Novos paradigmas no uso da força policial

 
Archimedes Marques*
 
Com o objetivo de reduzir gradativamente os índices de letalidade nas ações empreendidas pelos agentes da força pública, o Ministério da Justiça e a Secretaria de Direitos Humanos da Presidência da República editaram recentemente a Portaria Interministerial nº 4.226, de 31 de dezembro de 2010, estabelecendo novas diretrizes sobre uso da força e de armas de fogo por parte das polícias da União, compostas pela Força Nacional de Segurança, Polícia Federal, Polícia Rodoviária Federal e agentes penitenciários federais.
 
A luz do texto não atinge as corporações estaduais e municipais, como as policiais civil e militar e as guardas civis, entretanto, nada obsta que os próprios Estados e Municípios usem do mesmo parâmetro para os seus agentes.

Dentre as principais mudanças na conduta policial está a proibição do agente da força pública atirar contra o cidadão que esteja em fuga, mesmo que este esteja armado. O disparo de arma contra veículos que tenham furado um bloqueio policial ou em blitz, igualmente está proibido. O ato de apontar arma de fogo durante uma abordagem na rua ou em veículos também deve ser bastante criteriosa.

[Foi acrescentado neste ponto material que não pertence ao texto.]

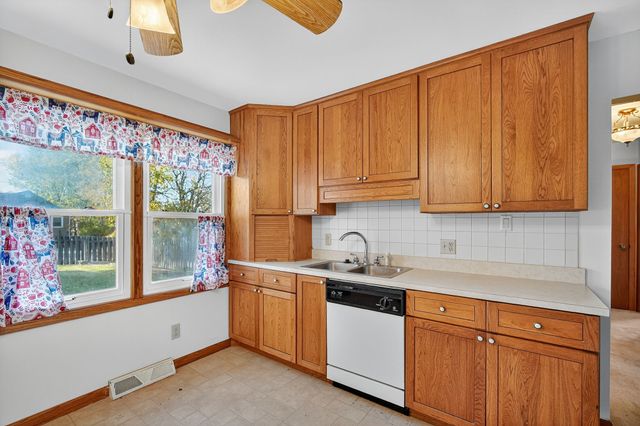 5402 SW 8th Street, Des Moines, IA 50315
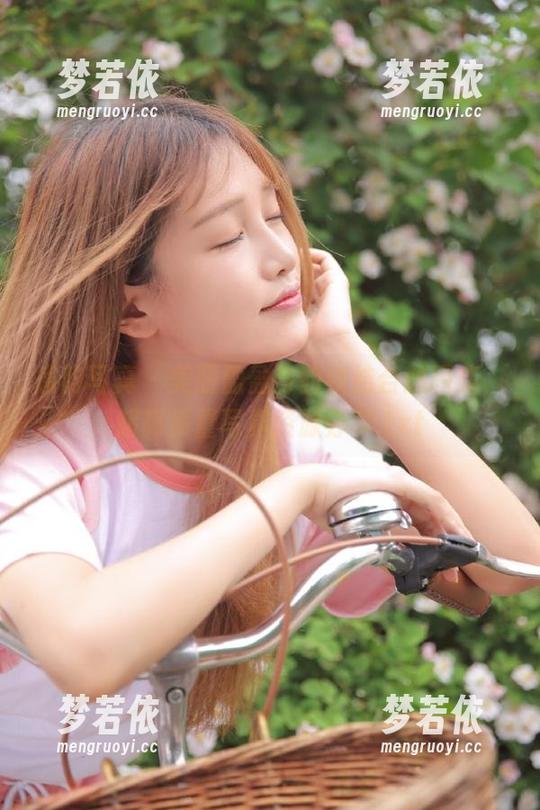 唐韵写真 - 美丽盈盈与豹纹结合的图集，超高质量写真资源分享.txt-梦若依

Pela nova regulamentação, também estão proibidos os chamados tiros de advertência, quando o agente dispara para o alto a fim de controlar situações de conflito ou objetivando parar pessoas ou veículos em situações suspeitas.

O uso da força letal pela polícia só será considerado legal em caso de legítima defesa própria ou de terceiros.

De acordo com o texto da portaria, o uso da força deverá obedecer aos princípios da legalidade, necessidade, proporcionalidade, moderação e conveniência.

Os agentes policiais deverão portar pelo menos dois outros instrumentos de menor poder ofensivo como alternativa ao uso da arma de fogo. Para isso, o porte de armas não-letais como spray de gás de pimenta, bastões tonfa, coletes à prova de bala e pistolas TASER serão incentivadas para o uso freqüente em todas as policias do país.

Não-letais são as armas especificamente projetadas e utilizadas para incapacitar cidadãos em conflito com a polícia, minimizando fatalidades.

É bem verdade que as armas não-letais não têm probabilidade-zero de risco, ou seja, pode ocorrer mortes ou ferimentos permanentes nos confrontos com a polícia, em virtude principalmente do poder dos electrochoques paralisantes das armas TASER, entretanto, reduzem esta probabilidade se comparadas com as armas tradicionais que têm por objetivo a destruição física dos seus alvos.

A prática demonstra e comprova através das diversas ações policiais que a única arma não-letal capaz de instantaneamente paralisar um criminoso e que pode muito bem ser portada no cinturão de qualquer policial é a pistola TASER, razão pela qual, deve ser tal utensílio de trabalho o parâmetro principal do Ministério da Justiça em aquisição e maior distribuição dessa tão importante arma para toda a força policial brasileira.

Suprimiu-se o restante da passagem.